Copy the lines below as they are; omit the images they contain.
Provided information Start Marker
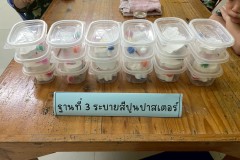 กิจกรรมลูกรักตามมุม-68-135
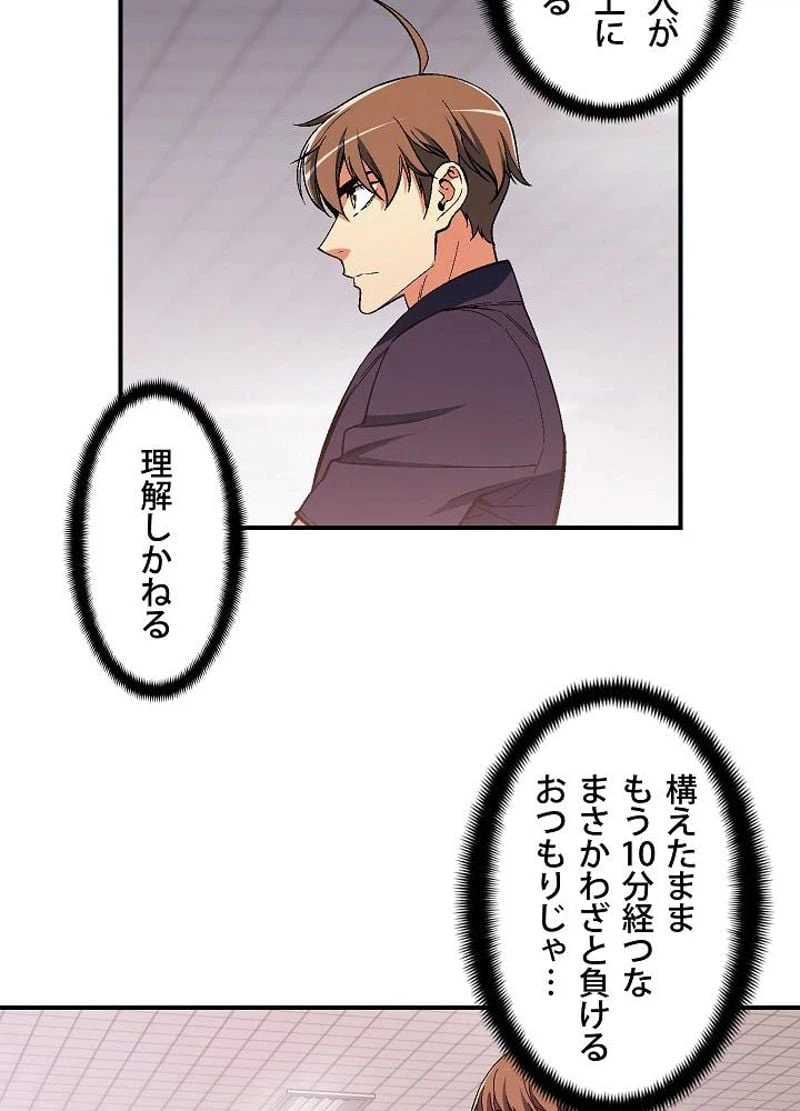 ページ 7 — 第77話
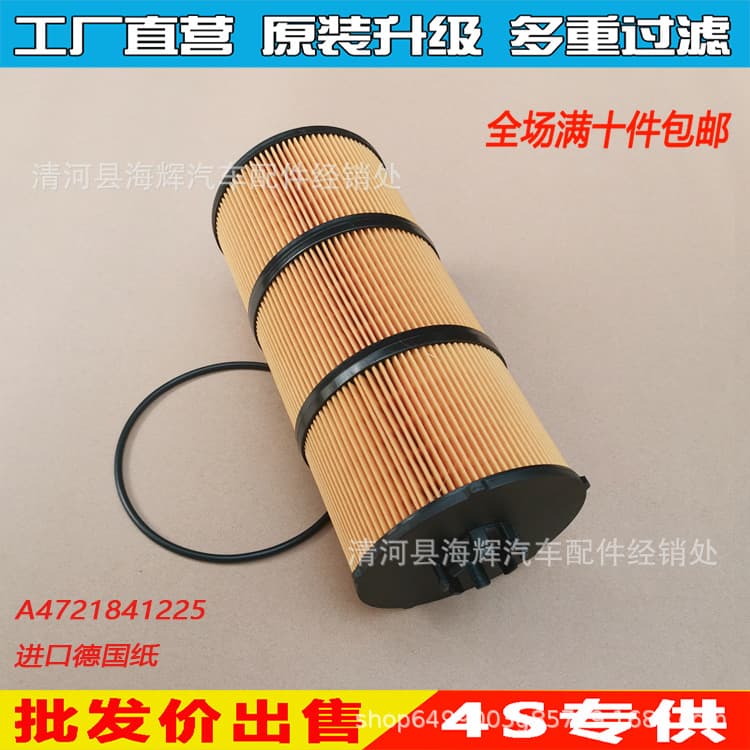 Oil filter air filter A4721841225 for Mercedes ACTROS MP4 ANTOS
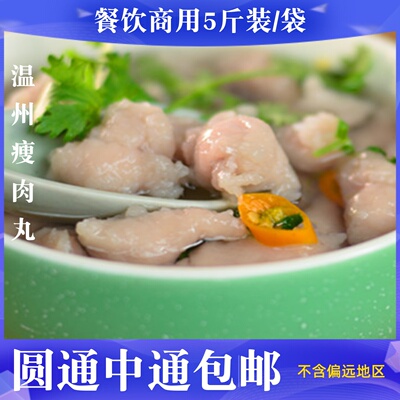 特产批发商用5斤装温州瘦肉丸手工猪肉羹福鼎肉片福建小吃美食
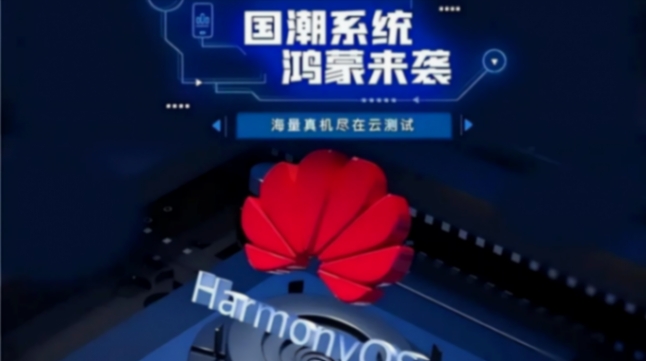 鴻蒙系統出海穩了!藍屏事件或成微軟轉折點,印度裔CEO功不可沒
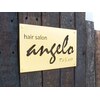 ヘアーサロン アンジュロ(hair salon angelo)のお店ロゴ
Provided information End Marker
Exercise response -
 กิจกรรมลูกรักตามมุม-68-135
 ページ 7 — 第77話
 Oil filter air filter A4721841225 for Mercedes ACTROS MP4 ANTOS
 特产批发商用5斤装温州瘦肉丸手工猪肉羹福鼎肉片福建小吃美食
 鴻蒙系統出海穩了!藍屏事件或成微軟轉折點,印度裔CEO功不可沒
 ヘアーサロン アンジュロ(hair salon angelo)のお店ロゴ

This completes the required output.